§ **WHAT IS BEING ASKED**:
Copy exactly the line containing "MUI tuding pemerintah" and all the lines that follow it to the end of the records, minus the pictures.

§ **THE RECORDS**:
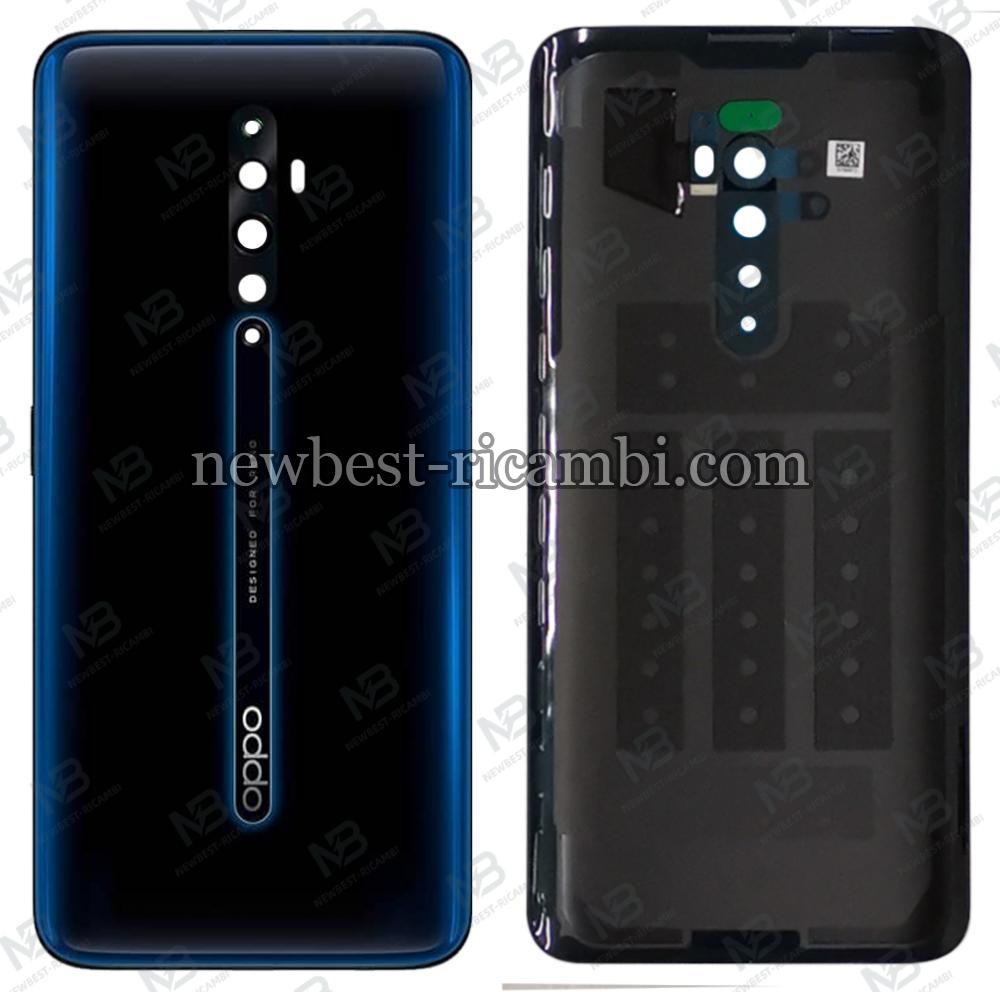 Oppo Reno 2Z back cover black original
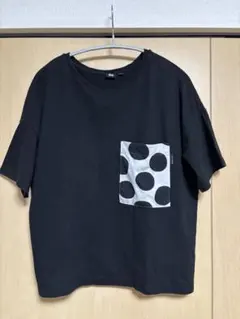 UNIQLO ユニクロ×マリメッコ ドット Ｍのサムネイル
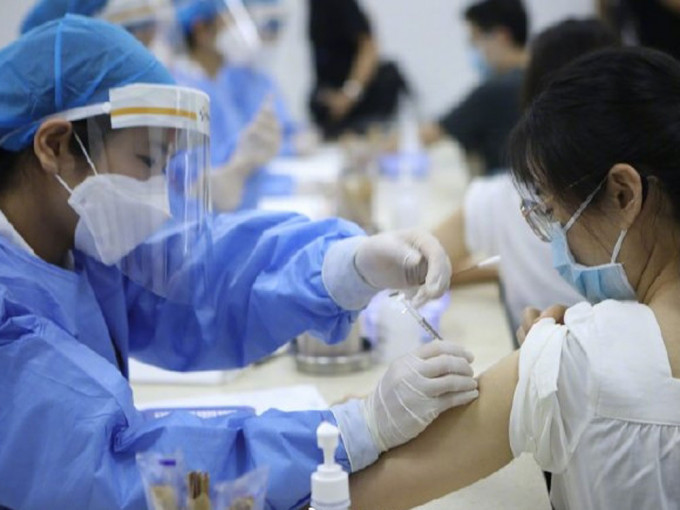 廣州6月30日前暫不開通第一劑新冠疫苗接種。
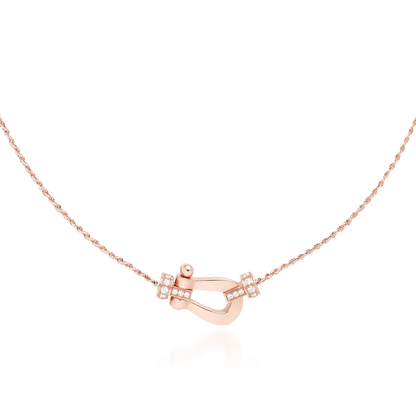 [Amore]FORCE 10 DIAMOND NECKLACE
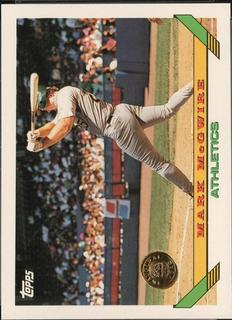 Mark McGwire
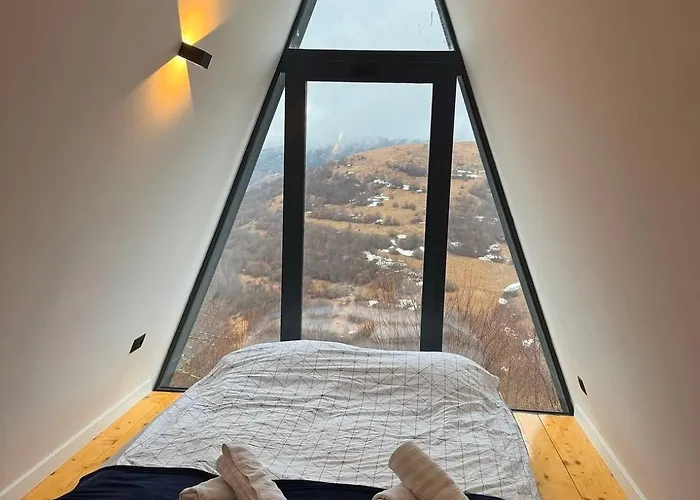 Kucica Na Brdu Brda (Sarajevo)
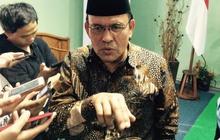 MUI tuding pemerintah tak serius selesaikan konflik beragama
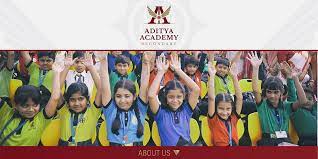 Aditya Academy Secondary School campus photo 3 of 10 — Kadambagachi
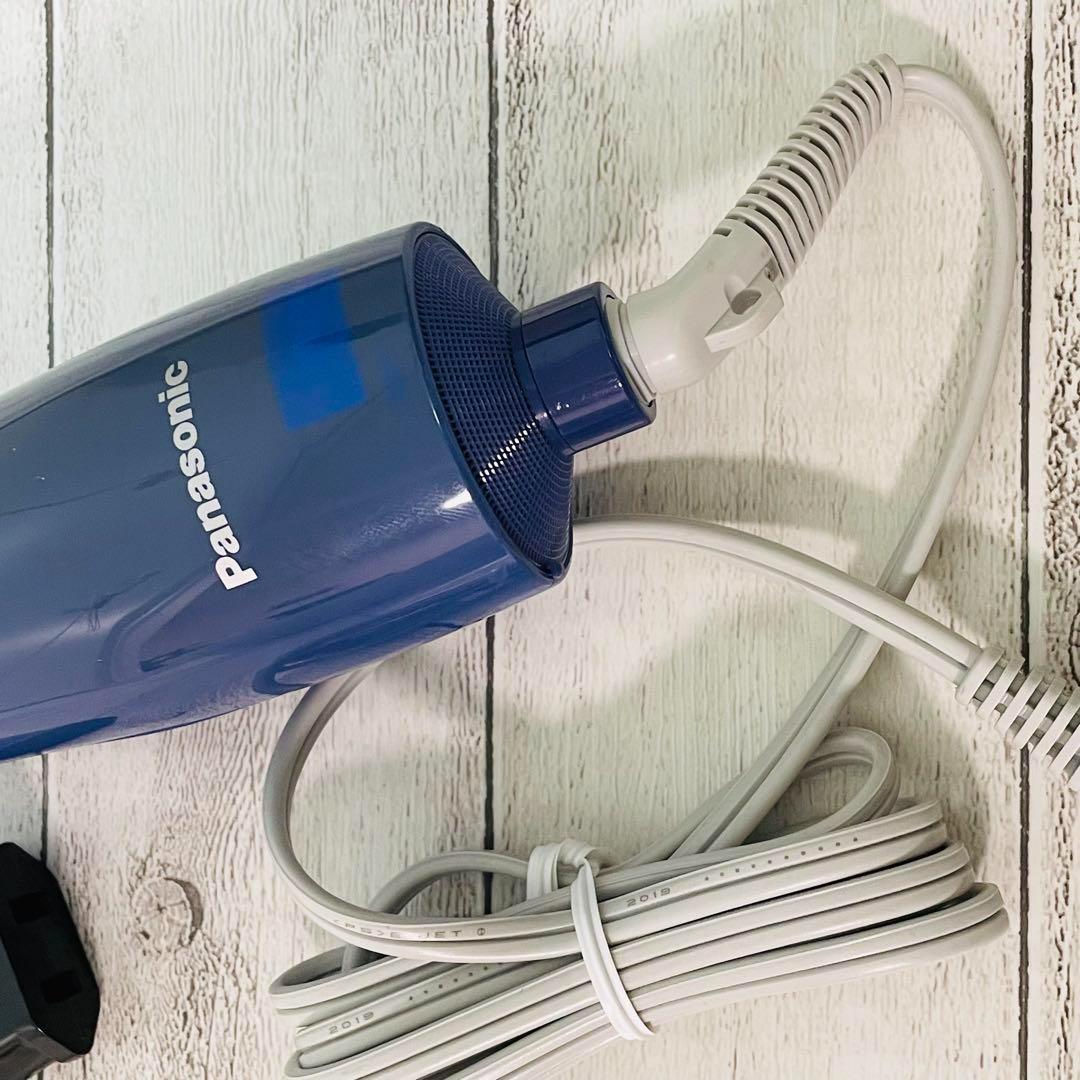 Panasonic パナソニック くるくるドライヤー EH-KA5B（パープル）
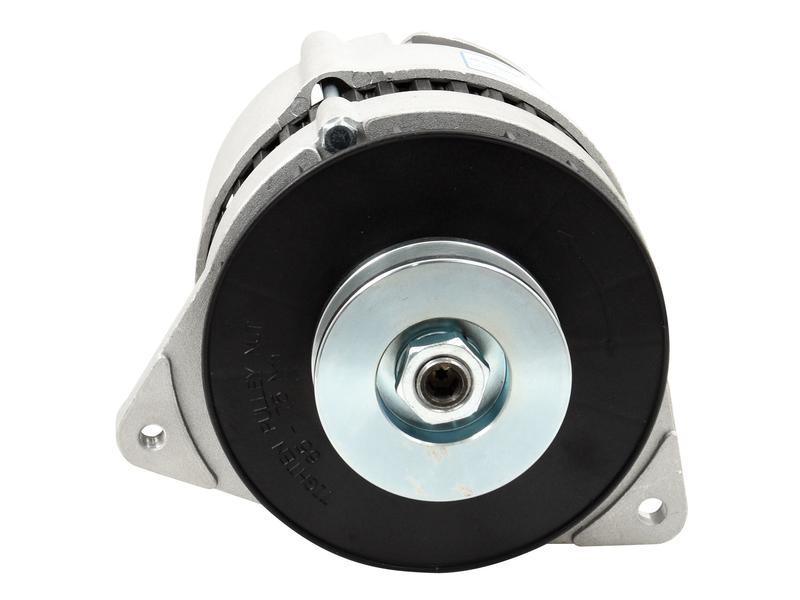 Sparex Alternator 12V 70A High-Output Replacement Unit for Tractors | S.42282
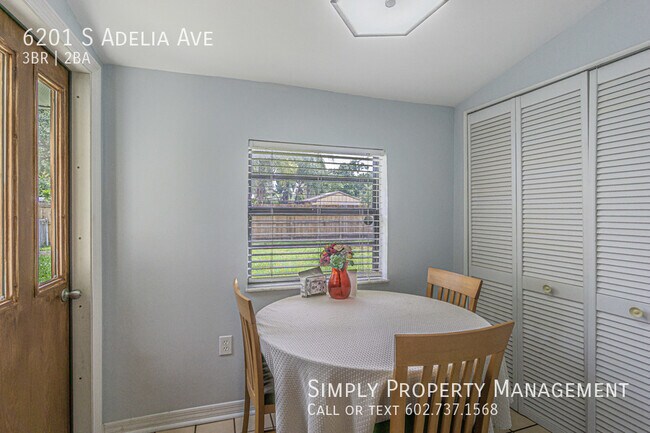 Building Photo - 6201 S Adelia Ave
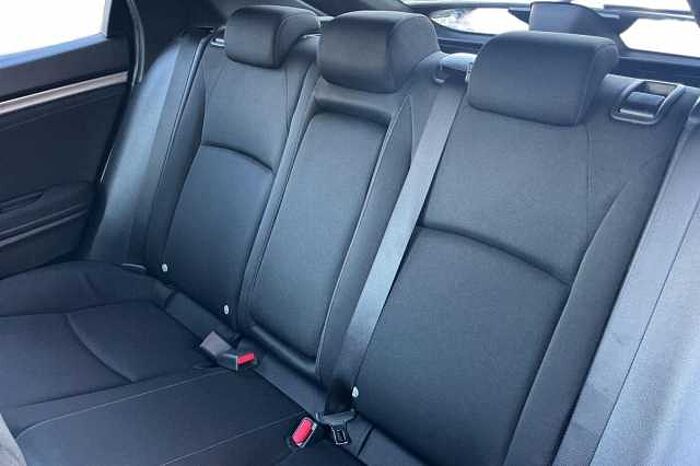 Honda Civic 1.0 VTEC Turbo 126 SR 5dr 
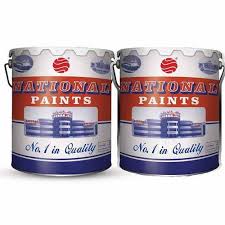 National Paints S Suppliers In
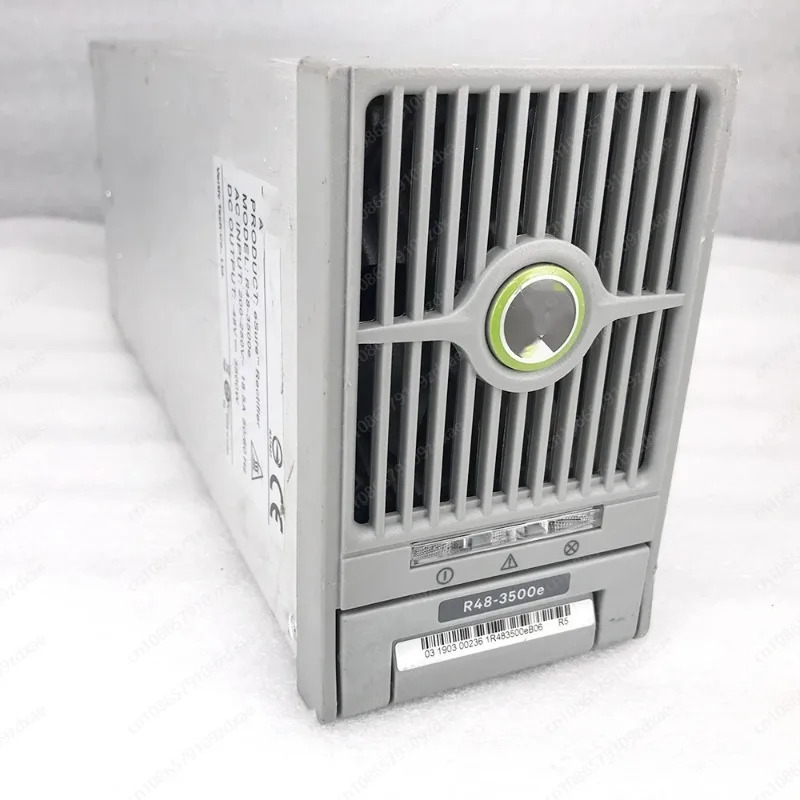 EMERSONR48-3500e 고효율 전원 모듈 48V 50A 3500W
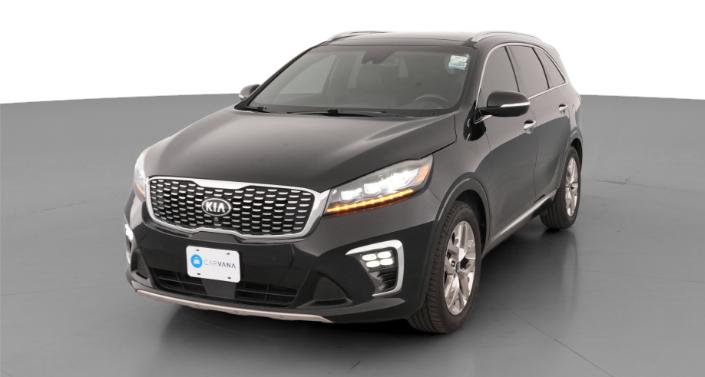 2019 Kia Sorento SX -
                Tolleson, AZ
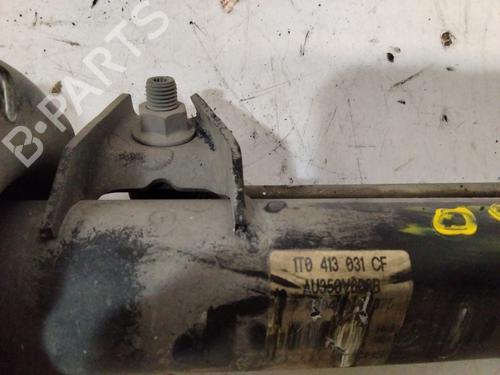 Right front shock absorber AUDI A3 Sportback (8PA) 1.4 TFSI | BP29607712M17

§ **SOLUTION TO THE PROBLEM**:
 MUI tuding pemerintah tak serius selesaikan konflik beragama
 Aditya Academy Secondary School campus photo 3 of 10 — Kadambagachi
 Panasonic パナソニック くるくるドライヤー EH-KA5B（パープル）
 Sparex Alternator 12V 70A High-Output Replacement Unit for Tractors | S.42282
 Building Photo - 6201 S Adelia Ave
 Honda Civic 1.0 VTEC Turbo 126 SR 5dr 
 National Paints S Suppliers In
 EMERSONR48-3500e 고효율 전원 모듈 48V 50A 3500W
 2019 Kia Sorento SX -
                Tolleson, AZ
 Right front shock absorber AUDI A3 Sportback (8PA) 1.4 TFSI | BP29607712M17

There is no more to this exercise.